Après un drame poignant et une comédie débridée, Paper Moon est comme une synthèse, non seulement des deux précédents titres mais aussi de tout ce qu'aime Bogdanovich dans le 7ème Art américain, un hommage vibrant et sensible aux grands classiques d'autrefois. Située dans les années 30, lors de la Dépression (suite au crash boursier de 1929) et de la prohibition (de l'alcool), l'intrigue est adapté d'Addie Pray, un roman de Joe David Brown par Alvin Sargent. Pourtant, au départ, ce projet était destiné à John Huston avec Paul Newman et sa fille Nell Potts dans le rôles principaux - finalement, le réalisateur abandonne l'affaire et les comédiens se retirent en conséquence. C'est l'ex-femme de Bogdanovich, Polly Platt, qui lui conseille de le récupérer pour diriger à nouveau Ryan O'Neal après On s'fait la valise, Doc ?. Au rendez-vous avec son acteur, le réalisateur rencontre sa fille, Tatum, 8 ans, dont l'allure, l'aplomb et la voix le convainquent qu'il a trouvé la perle rare.

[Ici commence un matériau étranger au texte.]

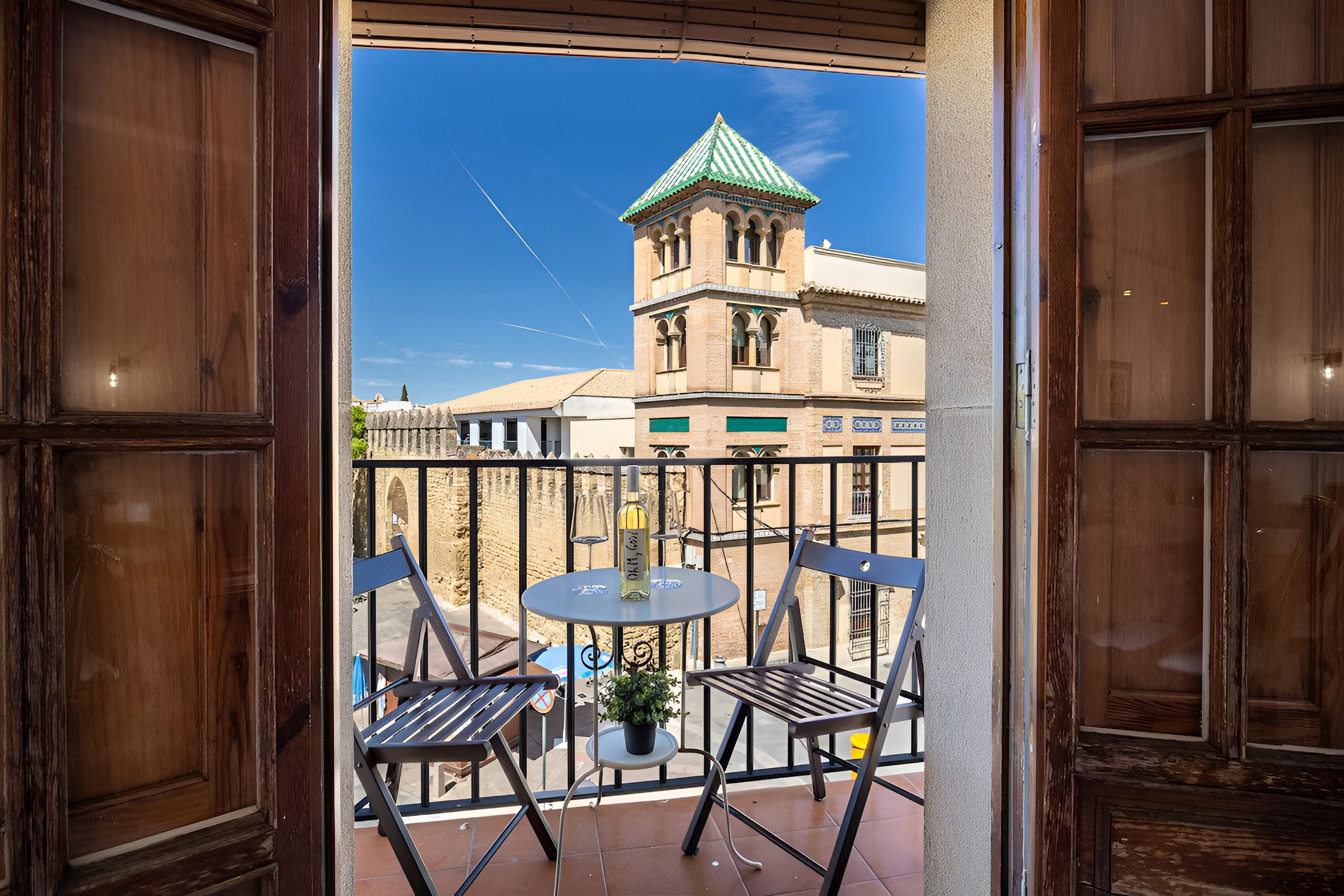 Punto de referencia cercano, Balcón / terraza, Nearby landmark, Balcony/Terrace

Pour financer le film, Bogdanovich s'associe à Francis Ford Coppola et William Friedkin qui viennent de fonder leur structure, The Director's Company, hébergé par le studio Paramount qui leur donne carte blanche pour des projets à petit budget. Le réalisateur s'en contente et remanie franchement le script de Sargent (qui avait beaucoup taillé dans le roman original) pour l'articuler sur de vieux morceaux de jazz, dont une chanson de 1933, It's only a paper moon, signée Harold Arlen. De fait, le résultat ressemble à une composition jazzy entraînante et alerte, et donnera le titre au film (et pour la petite histoire au texte de Brown quand il sera réédité ! Et quand le film sera repris en salles en 2013 en France, Paper Moon aura aussi remplacé La Barbe à Papa...).

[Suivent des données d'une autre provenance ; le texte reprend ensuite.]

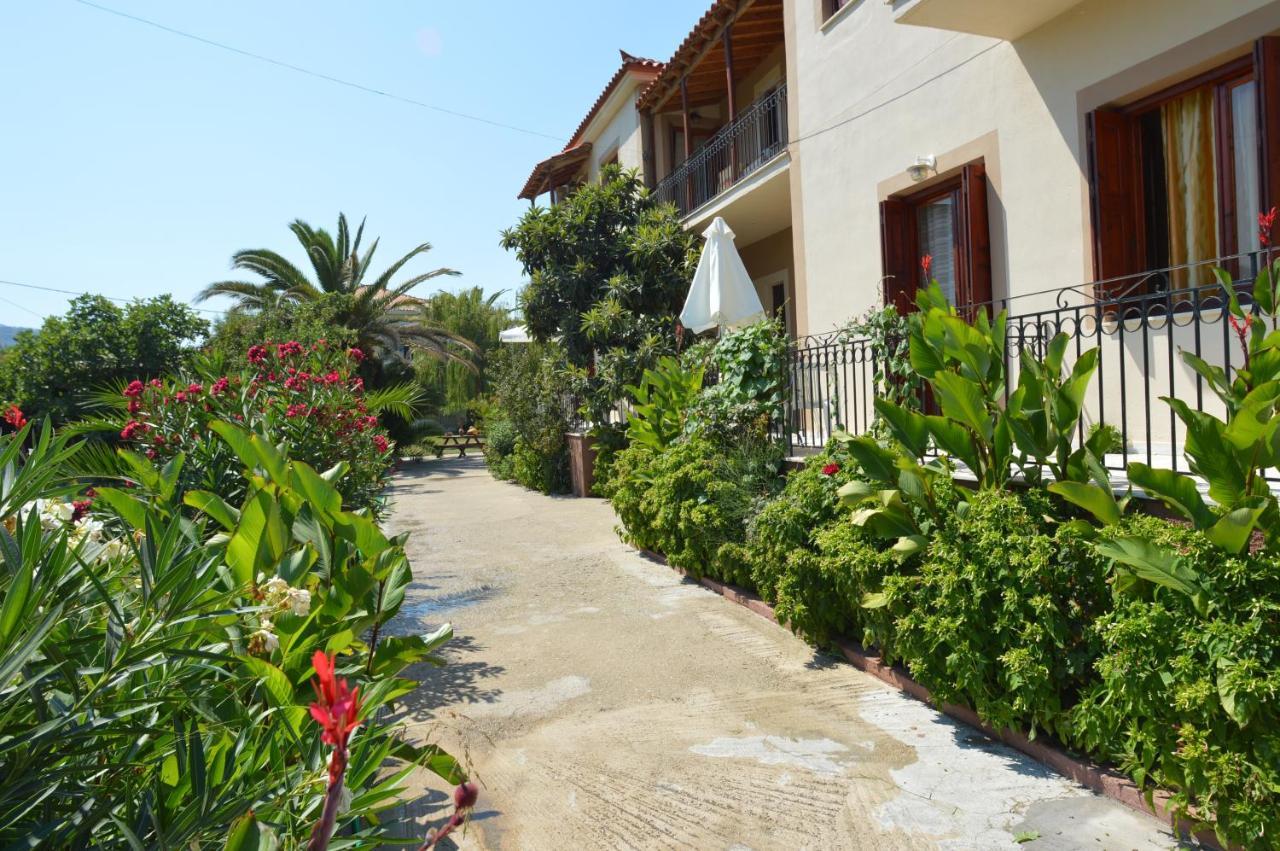 Mr. Greek Villa Петра Екстериор снимка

Bogdanovich veut tourner en noir et blanc, car il associe cette image à l'époque du récit et pour mettre en valeur les paysages naturels du Kansas et du Missouri avec ses routes interminables dans la plaine désolée, admirablement photographiées par Laszlo Kovacs dans des compositions splendides. Orson Welles conseillera au chef opérateur d'utiliser un filtre rouge sur l'objectif de la caméra pour obtenir un blanc encore plus prononcé, et donc souligner la luminosité des visages et du ciel. Le résultat est d'une beauté vraiment renversante, d'autant que Bogdanovich privilégie les plans-séquences, rendant sa mise en scène très fluide, légère, et permettant aux acteurs un jeu expressif et naturel.

Evidemment, ce parti-pris allait entraîner des complications pour Tatum O'Neal, qui peinait à retenir ses longs dialogues, mais la fillette, à l'écran, est éblouissante. Le cinéaste ne tarira jamais d'éloges à son sujet, même s'il fallut parfois une quarantaine de prises, et, à dix ans, elle obtint l'Oscar de la meilleure actrice dans un second rôle (pourquoi second ? Mystère et injustice !), ce qui en fait la plus jeune lauréate du prix - mais c'est mérité ! Avec son air buté, son regard malicieux, son charisme indéniable, elle est tout bonnement géniale. 

Il serait tout aussi injuste de mésestimer la prestation de Ryan O'Neal, comédien exceptionnel, qui aligna de superbes compositions dans ces années-là (culminant avec le premier rôle de Barry Lyndon de Kubrick en 75), et qui est ici formidable en escroc à la fois pathétique et touchant. 

Très drôle, d'un swing imparable, esthétiquement somptueux, et agrémenté d'une mélancolie craquante, La Barbe à Papa est une merveille, un pur miracle, un exercice de haute voltige, qui copie si bien le cinéma auquel il rend hommage qu'il est digne des grands classiques. Mutin et délicat, c'est un de ces films dont on tombe amoureux fou.